Case of Texas Homeschool Family Accused of Failing to Educate Their Children Reaches State Supreme Court
Amanda CasanovaReligious persecution, missions, Christianity around the world
- 2015 Nov 03
The Texas Supreme Court will hear arguments this week on a case of a home-schooling family that is accused of not teaching its children because the family was “waiting to be raptured.”
According to the Associated Press, the McIntyre family home-schooled their five children for two years. The El Paso School District says the McIntyres refused to comply with Texas Education Agency standards or verify they were teaching.
One of the children ran away and enrolled in public school.
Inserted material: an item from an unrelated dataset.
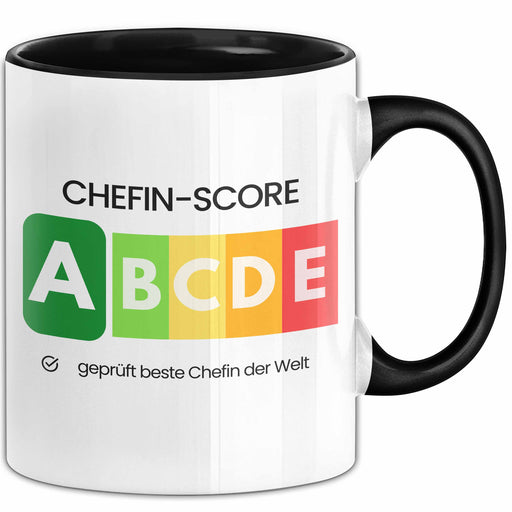 Chefin-Score Tasse Geschenk Beste Chefin Der Welt Abschied Witz Abschiedsgeschenk Trendation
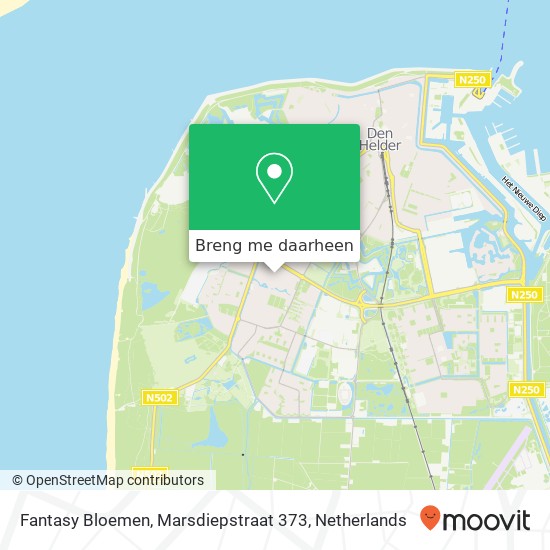 Fantasy Bloemen, Marsdiepstraat 373 kaart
An uncle in the family came forward with testimony that the children never had homework because they were “about to be raptured anyway.”
“Our faith is foremost in our lives,” said mother Laura McIntyre in an affidavit. “And we find it very important that our children receive a faith-based education.”
The school district launched an investigation into truancy and the McIntyres filed suit, claiming the school district violated the family’s 14th Amendment rights.
Texas law says that home-school children must be taught education basics, but the state does not require testing or student progress reports.
The Home School Legal Defense Association has said the family is “in full compliance” with the law.
“This is radical stuff, and it is not fiction,” said Jay Michaelson in a column for The Daily Beast. “Whether or not the McIntyres exempted their children from education because the rapture is imminent, 77 percent of American evangelicals believe we’re living in the End Times. A significant percentage of them believe that the secular government is oppressing Christians and is soon to be destroyed in the coming tribulations.”
About 300,000 students are estimated to be home-schooled in Texas, according to The Daily Beast.